MS Excel as part of data processing
When data processing is concerned mostly we talk about processes that start with data coming from a database of an IT system and ending at another well-defined structured data storage (even data reporting and visualization systems do work with their own databases). These processes can be automated and processed using tools that are affordable for players with heavy IT support and large enough data sets. Many tasks related to data do not fall under that ideal category. The bitter reality is:
- a lot of data is created in MS Excel at companies where there are no designated IT systems;
- MS Excel is still (one of) the main exchange format between IT systems, departments or organisations;
- a lot of tasks are ad-hoc in the sense that it is not using enough data or defined up to the point where the tools mentioned above could be used;
- the target of data processing is some ad-hoc reporting or a special case that is not worth to be included in the above data processing facility;
- the above systems require learning from the users and system administration from IT.

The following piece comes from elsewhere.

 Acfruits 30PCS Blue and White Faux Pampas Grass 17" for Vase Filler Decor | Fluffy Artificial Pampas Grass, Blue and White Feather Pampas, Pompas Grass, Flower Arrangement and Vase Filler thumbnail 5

Because of these reasons MS Excel is the de facto reality at a big part of data processing. And DJEENI is the platform that allows process automation in MS Excel.
MS Excel does not mean that you should give up data automation. The natural choice is to write Excel macros to automate tasks (or even easier, record macros, that turns soon out to be unuseable in most cases). There are some problems with custom developed macros, though:
- It is relatively costly to develop custom macros for each and every task.
- Macros are rarely documented therefore users do not know the exact conditions they should satisfy for and the exact results they can expect from the solution.
- Custom macros are almost never auditable.
- They are bound to the developer. Once the developer is not available anymore the macro is not maintained and the users should fall back to manual processing.
- There can be many custom macros developed. The sheer number of them makes it very hard to understand what is happening with the data.
Even if MS Excel is the data platform of choice for certain data processing the processes must be better organised and controlled than through custom macros.
Traditionally, IT systems are administered and maintained by the IT organisation. Complex IT architecture is built from the IT systems. End-users have a passive role: they can request a change but are not allowed to make decisions without getting a nod from IT.
As data becomes more and more important this setup causes a new headache: data belongs contentwise to the business but technically still part of the IT systems controlled by IT. At most companies, the solution for this problem is to get data out of the IT systems (‘Can I get it in Excel?’) to let data owners and end-users work with data.
Data owners need the data because business becomes agile. Life-cycle of organisations, their business and their corresponding data needs is dramatically shortened. There is no time to wait even weeks for a change in a report which is the reality in the current BI setup with IT-owned systems and external BI developers.
Instead of further centralisation of data handling (through further IT architecture building) an at least partially decentralized approach should be used to satisfy the agile needs of business and allowing the data owners to really own their data and data processes.